A method for imaging changes in membrane potential using genetically encoded voltage indicators is described.
Method Article
A method for imaging changes in membrane potential using genetically encoded voltage indicators is described.
Genetically encoded voltage indicators (GEVIs) have improved to the point where they are beginning to be useful for in vivo recordings. While the ultimate goal is to image neuronal activity in vivo, one must be able to image activity of a single cell to ensure successful in vivo preparations. This procedure will describe how to image membrane potential in a single cell to provide a foundation to eventually image in vivo. Here we describe methods for imaging GEVIs consisting of a voltage-sensing domain fused to either a single fluorescent protein (FP) or two fluorescent proteins capable of Förster resonance energy transfer (FRET) in vitro. Using an image splitter enables the projection of images created by two different wavelengths onto the same charge-coupled device (CCD) camera simultaneously. The image splitter positions a second filter cube in the light path. This second filter cube consists of a dichroic and two emission filters to separate the donor and acceptor fluorescent wavelengths depending on the FPs of the GEVI. This setup enables the simultaneous recording of both the acceptor and donor fluorescent partners while the membrane potential is manipulated via whole cell patch clamp configuration. When using a GEVI consisting of a single FP, the second filter cube can be removed allowing the mirrors in the image splitter to project a single image onto the CCD camera.
The major focus of this paper is to demonstrate the optical imaging of changes in membrane potentials in vitro using genetically encoded fluorescent proteins. Imaging changes in membrane potential offers the exciting possibility of studying the activity of neuronal circuits. When changes in membrane potential result in a fluorescence intensity change, each pixel of the camera becomes a surrogate electrode enabling nonintrusive measurements of neuronal activity. For over forty years, organic voltage-sensitive dyes have been useful for observing the changes in membrane potential 1-4. However, these dyes lack cellular specificity. In addition, some cell types are difficult to stain. Genetically encoded voltage indicators (GEVIs) overcome these limitations by having the cells to be studied specifically express the fluorescent voltage-sensitive probe.

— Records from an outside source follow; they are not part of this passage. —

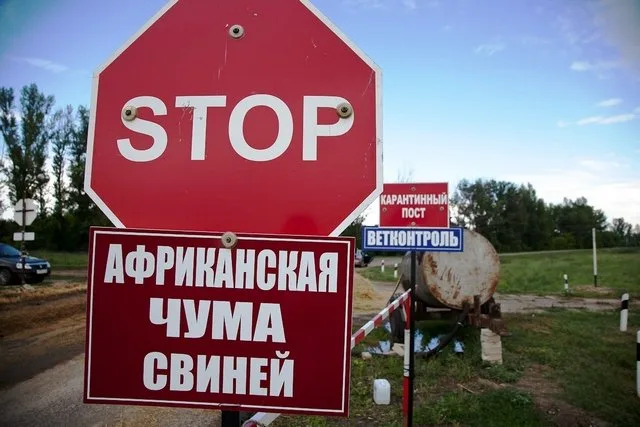 Африканская чума свиней уже в Голопристанском районе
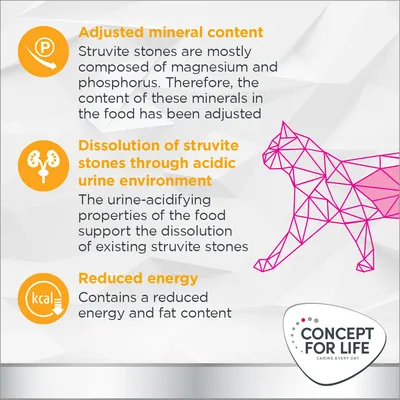 Key features: adjusted mineral content, supports dissolution of struvite stones through acidic urine environment, and reduced energy and fat content. Concept for Life brand.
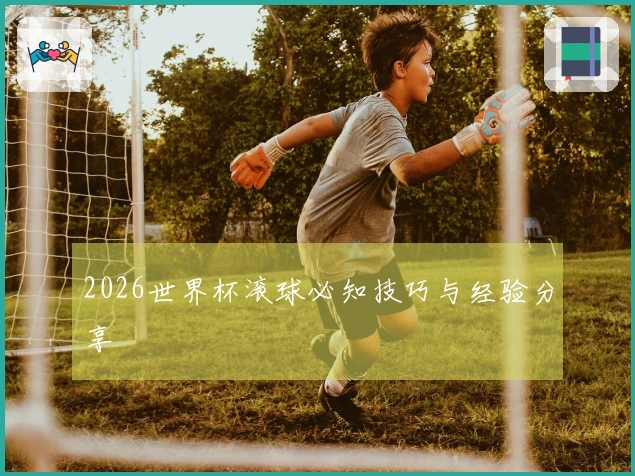 2026世界杯滚球必知技巧与经验分享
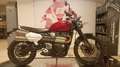 Triumph Scrambler 1200 X -Kundenvorteil von 1.000€ Rouge - thumbnail 6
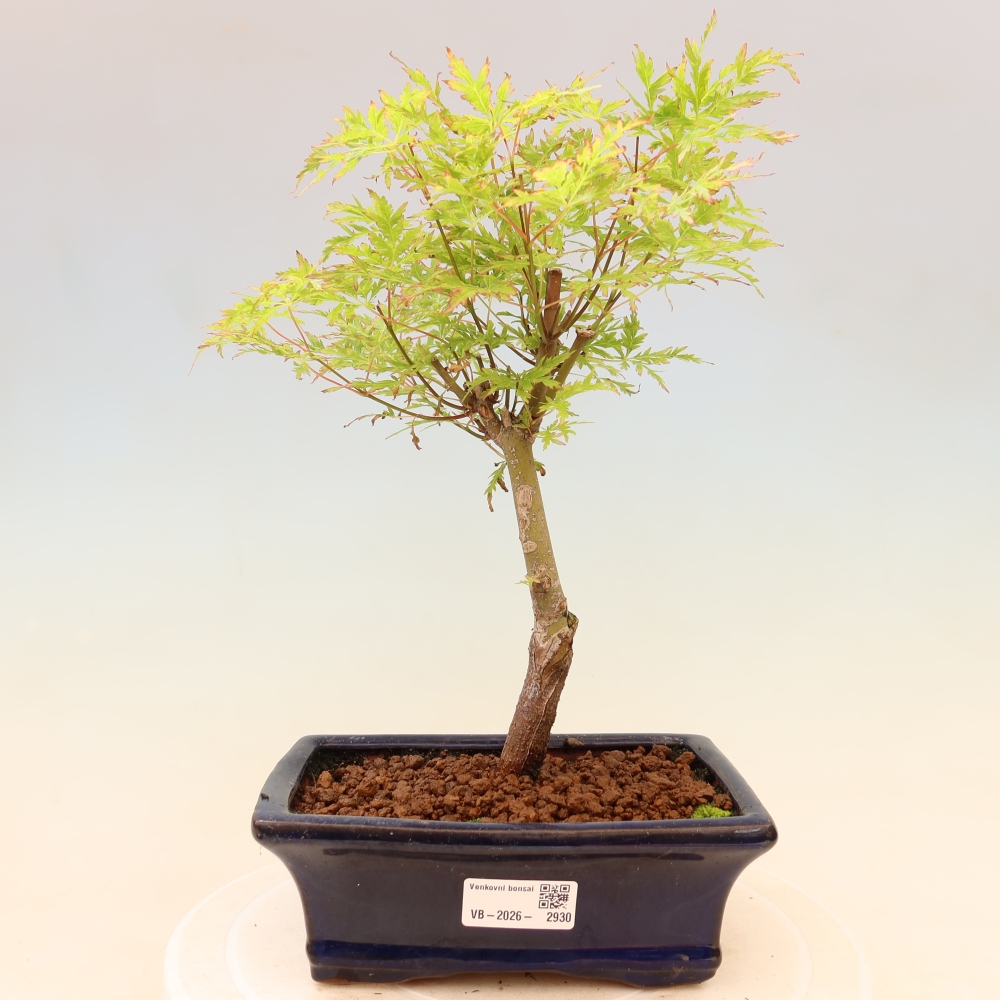 Bonsai da esterno - Acer palmatum Dissectum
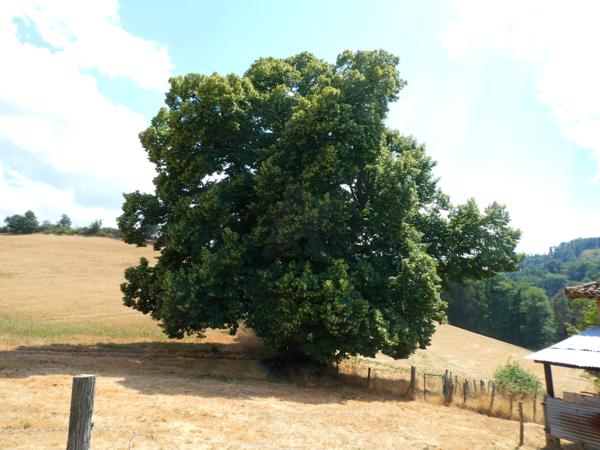 Très belle ferme de caractère indépendante avec grandes dépendances et 5 000 m² de terrain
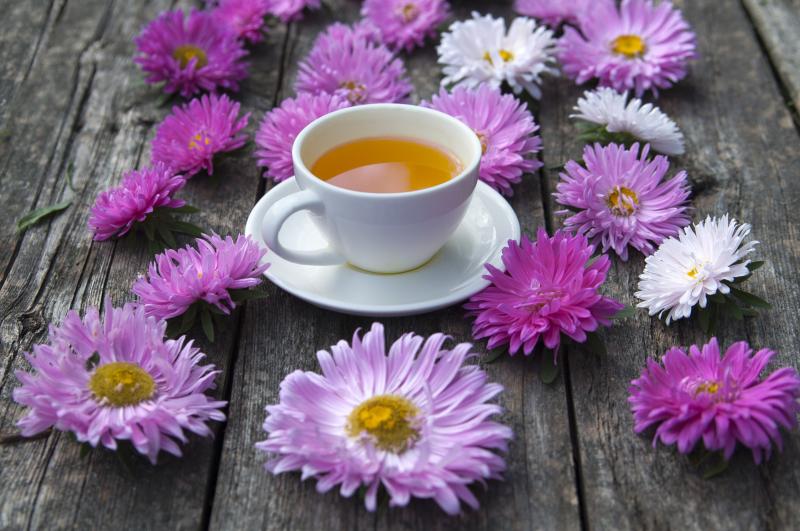صور #شاي #Tea منوعة عالية الوضوح #خلفيات - 79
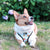 Reversible Dog Harness - Cheat Day (Blue Paw Co. - FINAL SALE)
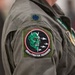 The image shows a close-up of a military flight suit sleeve bearing a squadron patch and rank insignia. The patch identifies the wearer as a member of the 356th Fighter Squadron, featuring a green devil mascot on a black circular background. A Lieutenant Colonel oak leaf cluster rank insignia is visible above the squadron patch.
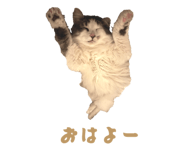 818008009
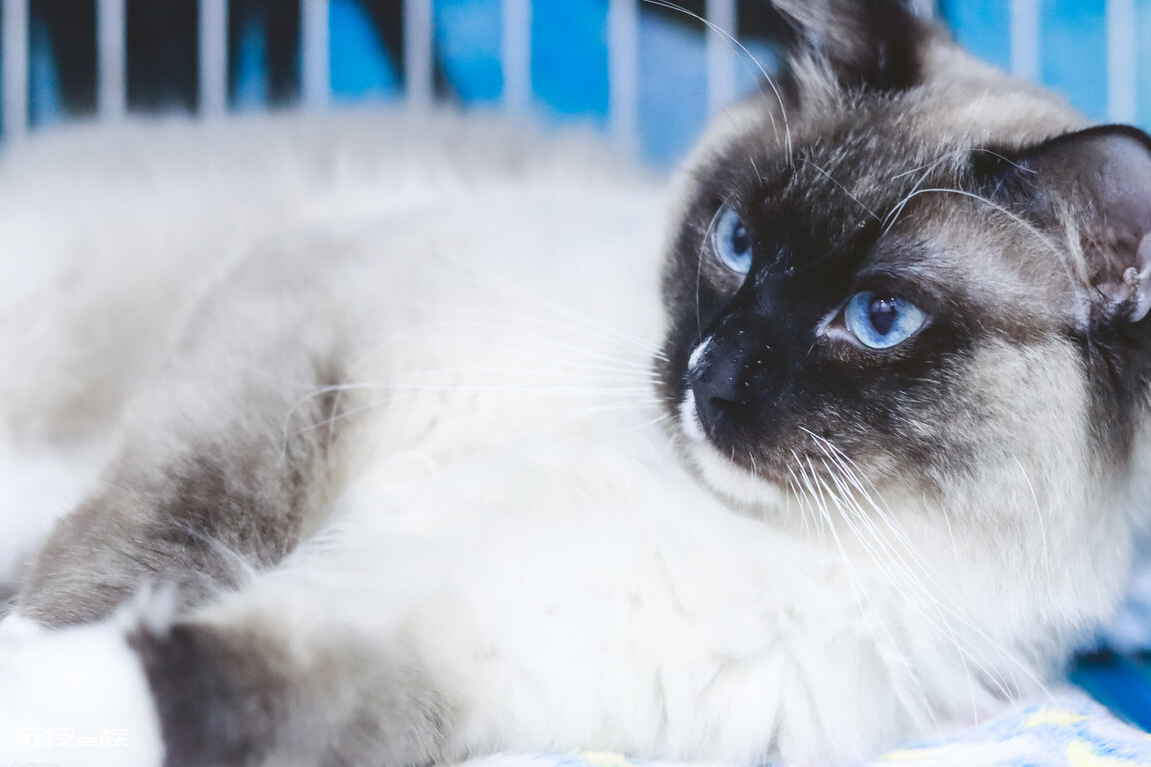 布偶猫买公猫还是母猫好(家里养公和母布偶猫区别)-图片3
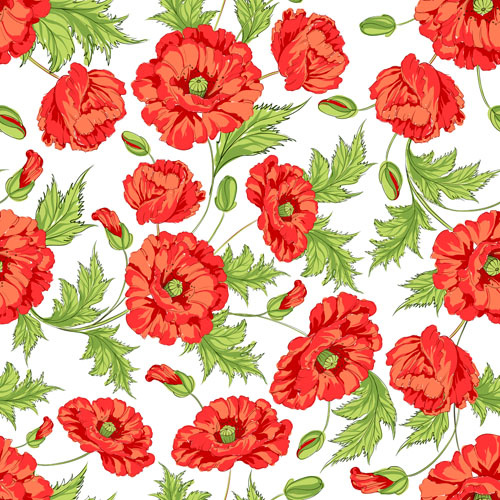 beautiful poppy seamless pattern set vector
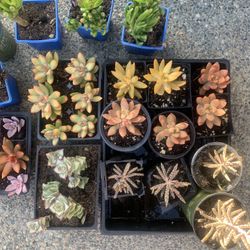 Variety Of Succulents $4 Per Plant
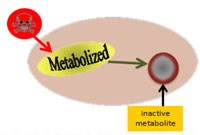 Thông tin cập nhật về nghiên cứu kháng hóa chất diệt côn trùng và muỗi sốt rét trên thế giới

There are three classes of GEVIs. The first class of GEVI uses the voltage-sensing domain from the voltage-sensing phosphatase with either a single fluorescent protein (FP) 5-9 or a Förster resonance energy transfer (FRET) pair 10-12. The second class of sensors uses microbial rhodopsin as a fluorescent indicator directly 13-15 or via electrochromic FRET 16,17. The third class utilizes two components, the genetic component being a membrane anchored FP and a second component being a membrane bound quenching dye 18-20. While the second and third classes are useful for in vitro and slice experiments19,20, only the first class of sensors are currently useful for in vivo analyses 6.

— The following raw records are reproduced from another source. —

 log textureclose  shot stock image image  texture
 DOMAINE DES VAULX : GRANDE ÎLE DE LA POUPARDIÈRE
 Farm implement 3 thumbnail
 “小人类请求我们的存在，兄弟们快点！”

In this report we will demonstrate the imaging of membrane potential using the first class of GEVIs (Figure 1) in vitro. This first class of voltage sensors is the easiest to transition to in vivo imaging. Since GEVIs utilizing a voltage-sensing domain fused to a FP are about 50-fold brighter than the rhodopsin class of sensors, they can be imaged using arc lamp illumination rather than requiring an extremely powerful laser. Another consequence of the disparity in brightness is that the first class of GEVIs can easily exceed the auto-fluorescence of the brain. The rhodopsin-based probes cannot. The third class of sensor is just as bright as the first class but requires the addition of a chemical quencher which is difficult to administer in vivo.

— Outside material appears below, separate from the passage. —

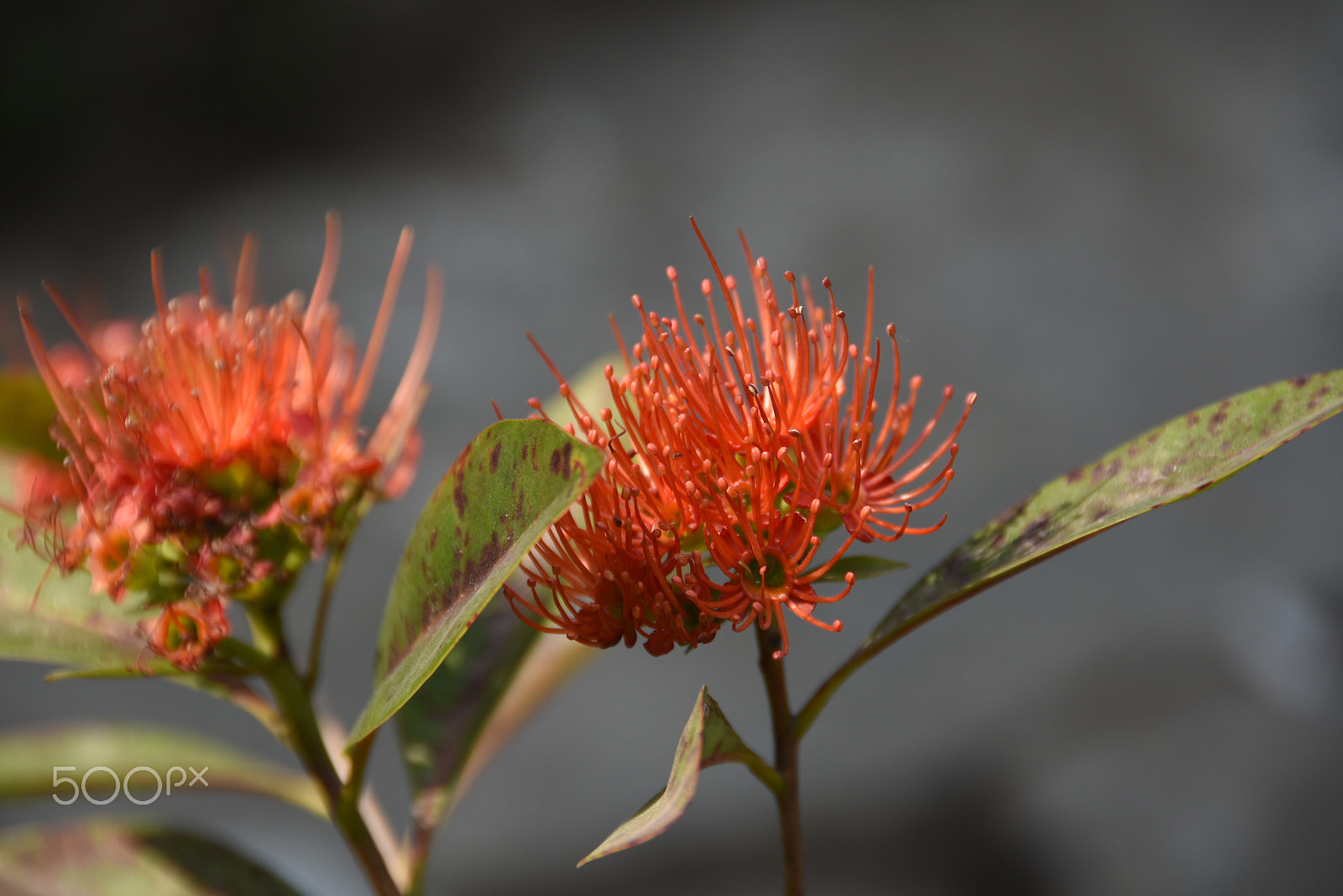 Nikon D7200 sample photo. Hello spring photography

We will, therefore, demonstrate the acquisition of a probe with a single FP (Bongwoori) 8 and a probe consisting of a FRET pair (Nabi 2) 12. The FRET constructs in this report are butterfly versions of VSFP-CR (voltage-sensitive fluorescent proteins - Clover-mRuby2) 11 consisting of a green fluorescent donor, Clover, and a red fluorescent acceptor, mRuby2, named Nabi 2.242 and Nabi 2.244 12. The introduction to these types of recordings should give researchers a better understanding of the type of information GEVIs can provide.

Figure 1. Two Types of Genetically Encoded Voltage Indicators (GEVIs) Imaged in This Report (A) A mono FP based GEVI having a trans-membrane voltage-sensing domain and a fluorescent protein. (B) A FRET based GEVI comprised of a trans-membrane voltage-sensing domain, a FRET donor and acceptor. Please click here to view a larger version of this figure.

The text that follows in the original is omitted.